Sunday, June 14, 2009

In the days before the vote, my Iranian contacts breathlessly compared the atmosphere in Iran to that of 1979, the year of the Islamic Revolution. In the last twenty-four hours, the unavoidable analogy has become 1989. The big question is where we are: Wenceslas Square or Tiananmen.


Anonymous said...

June 15, 2009

But have you noticed? Saudi propagandists are outraged about the Iranian election. Saudi propagandists insist that fair and free elections be held at once in Iran. Kid you not. Good night.

-- As'ad AbuKhalil

Anonymous said...

June 13, 2009

Western Primer on Elections in Developing Countries

Some Western principles in assessing elections in developing countries:

1) When the favored candidates win, the elections are free and fair. And when they lose, elections are certainly unfree and stolen.

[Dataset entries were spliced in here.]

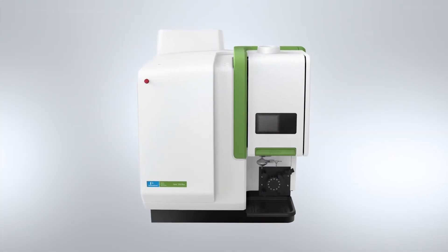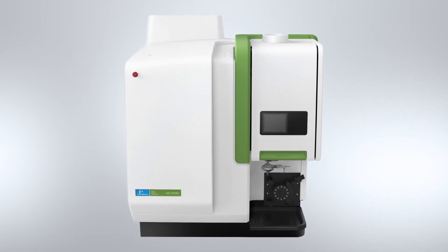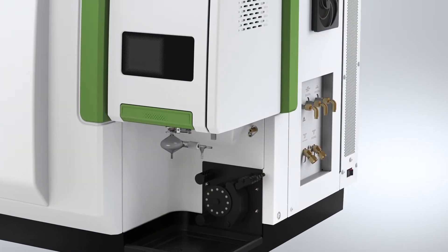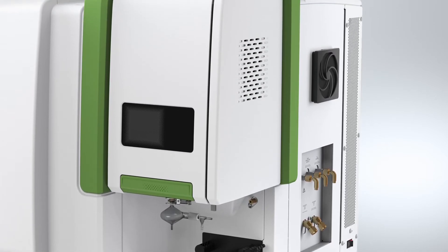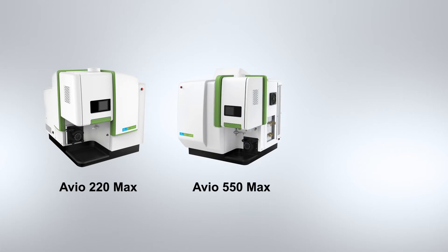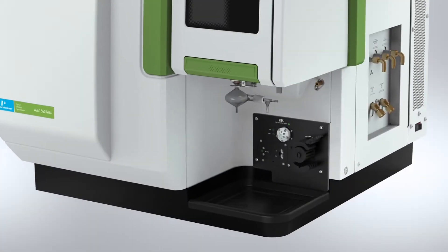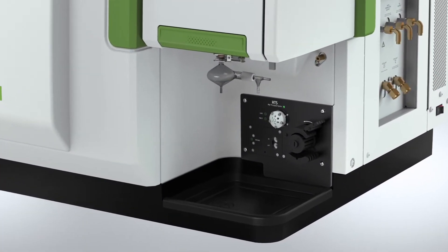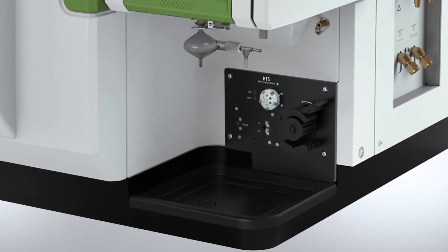The Auvio MAX series instruments are compact, state-of-the-art systems providing superior performance and high reliability with low to zero maintenance features to deliver maximum uptime and exceptional productivity, regardless of your workload. The Auvio series consists of the hybrid simultaneous Auvio 220 MAX, as well as the fully simultaneous Auvio 550 and 560 models. The Auvio 560 MAX delivers exceptionally fast performance with a built-in high-throughput sample introduction module system — our customers are reducing 1.5-minute run times to about 30 seconds.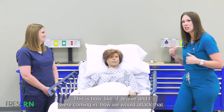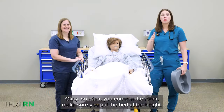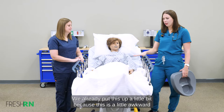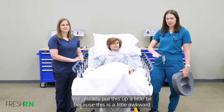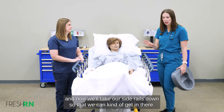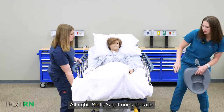This is how Jeannie and I would attack that. When you come in the room, make sure you put the bed at the height that's good for you. We already put this up a little bit because it's a little awkward pushing it up, so we went ahead and got it where we needed to. Now we'll take our side rails down so we can get in there.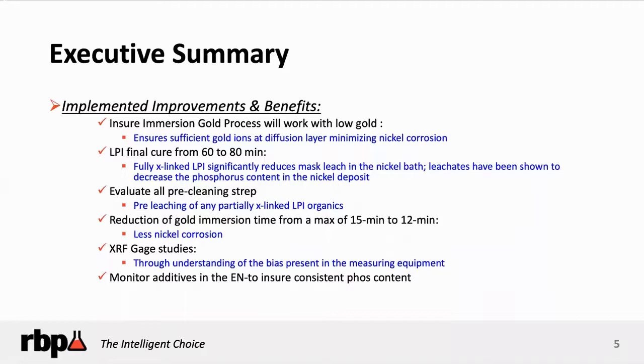Regardless, the concern is how do we minimize this type of situation, preventing it from affecting us negatively. Typically, when you set up an immersion gold solution, most processes run about 1 to 1.5 grams per liter of gold as metal. More and more development work, with the idea of reducing gold cost — because gold is a very expensive metal — has moved down into the range of 0.7 to 0.75 grams per liter. That's fine as long as you control it in that area, because when the gold gets too low, below 0.7, the opportunity for more hypercorrosion becomes more prevalent, causing more issues.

2) Violent protests against elections that produce winners favored by the West, are to be strictly condemned and protesters are to be called terrorists, hooligans and mobs (can you imagine if Lebanese opposition supporters were to engage in violent protests against the election results in Lebanon), while violent protests against enemies of the US when they win elections (like in Moldova) are to be admired (and the protesters in those cases are called "democracy activists".

3) It is not against free elections to have Western governments interfere in elections and in funding candidates through Western groups for the promotion of democracy.

4) Candidates (or even dictators) who serve Western interests are automatically labeled as "reform candidates" (even the Saudi tyrant is referred to as "reform-minded"), while candidates who oppose Western economic and political interests are to be labeled enemies of reform....

6) Western observers of elections are always on hand to declare an election unfair and rigged if the favored candidates lose.

7) The corruption of pro-US candidates (like the March 14 bunch in Lebanon) is preferred to the corruption of, say, Mugabe.

8) The democratic credentials of dictators immediately improve if they change their policies toward the US and if they express willingness to serve US economic and political interests.

9) Countries where dictators do a good job in serving US economic and political interests need not hold elections.

10) If favored candidates can't guarantee electoral victory (like the Palestinian Authority's Abu Mazen, whose term has expired months ago), they don't need to hold elections and will be treated as if they won an election anyway.

11) It is just not logical to assume that people in developing countries can freely ever decide to make choices that are not consistent with political and economic interests of the US....

-- As'ad AbuKhalil

Anonymous said...

Guy cares nothing at all about the destruction of Gaza or needless wars in Pakistan and Afghanistan. But, guy goes nuts about Iran about which guy knows nothing unless guy managed to learn Farsi over the weekend.